What to produce — The lines from the beginning of the records below through the one holding "Jamie_arch29's tweet photo." are to be copied exactly; leave the pictures out.

─── Available data

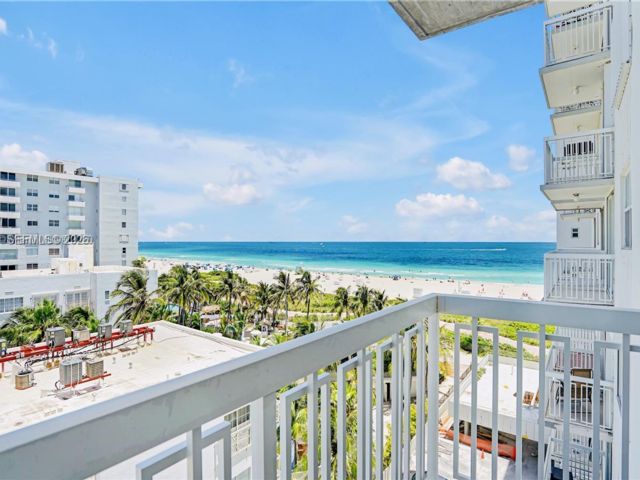  1 BR,  1.00 BTH &nbsp; style home in Carl Fisher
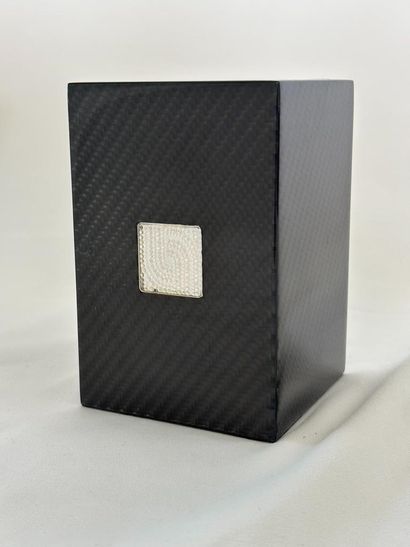 LALIQUE. 
Square-section pencil pot in lacquered...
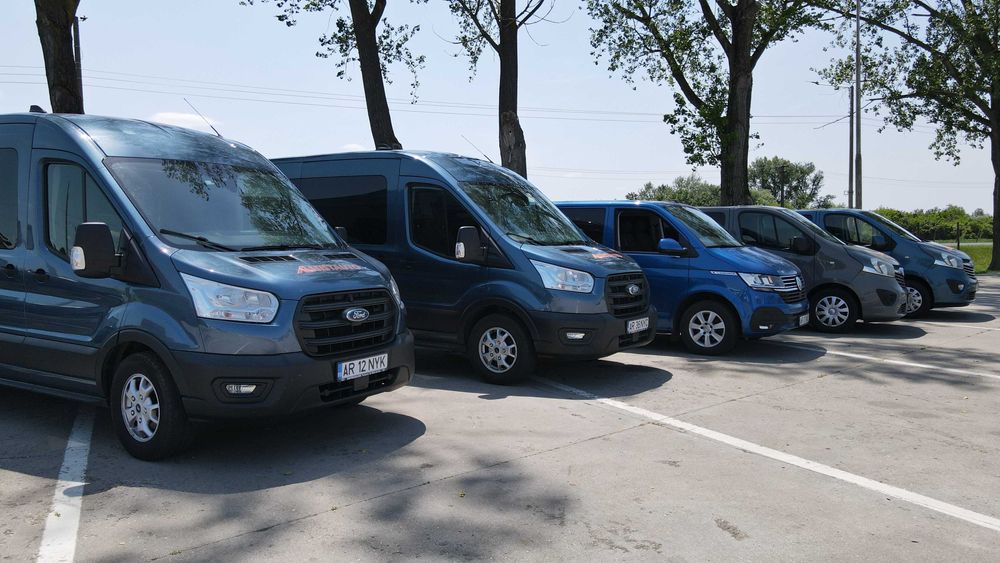 Autocare Si Microbuze De Inchiriat  ARAD - TIMISOARA - ORADEA - DEVA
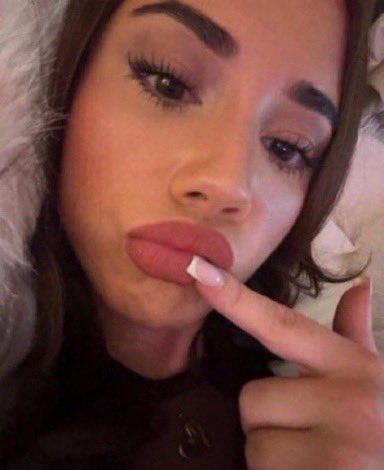 Jamie_arch29's tweet photo. Need someone melt my brain by feeding me and edge me maybe deny meee🫣#irl #wankchat #wankbattle #cuck #cuckold #bull
#tiktok #blacked #blackedraw #snowbunny #qos #interracial #goon #trend #edit #bnwo #crush #bbc https://t.co/ilTtsRfMbE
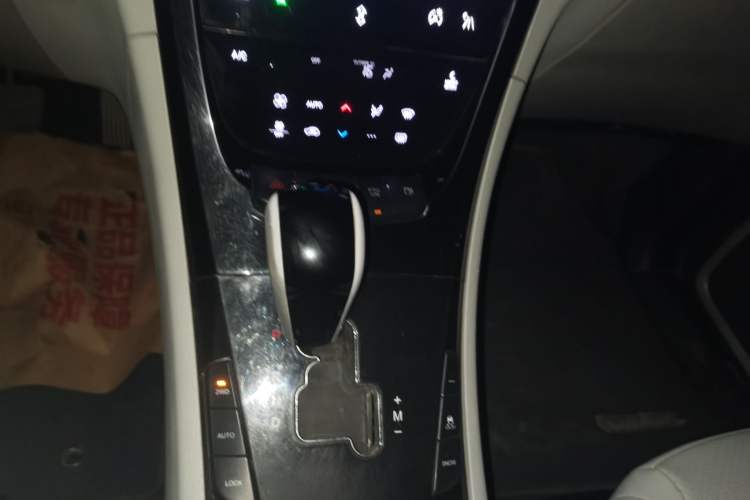 Used Luxgen Great 7 SUV 2014 2.2T Four-Wheel Drive Prestige Version Gear Lever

──────

Answer for the task —
  1 BR,  1.00 BTH &nbsp; style home in Carl Fisher
 LALIQUE. 
Square-section pencil pot in lacquered...
 Autocare Si Microbuze De Inchiriat  ARAD - TIMISOARA - ORADEA - DEVA
 Jamie_arch29's tweet photo. Need someone melt my brain by feeding me and edge me maybe deny meee🫣#irl #wankchat #wankbattle #cuck #cuckold #bull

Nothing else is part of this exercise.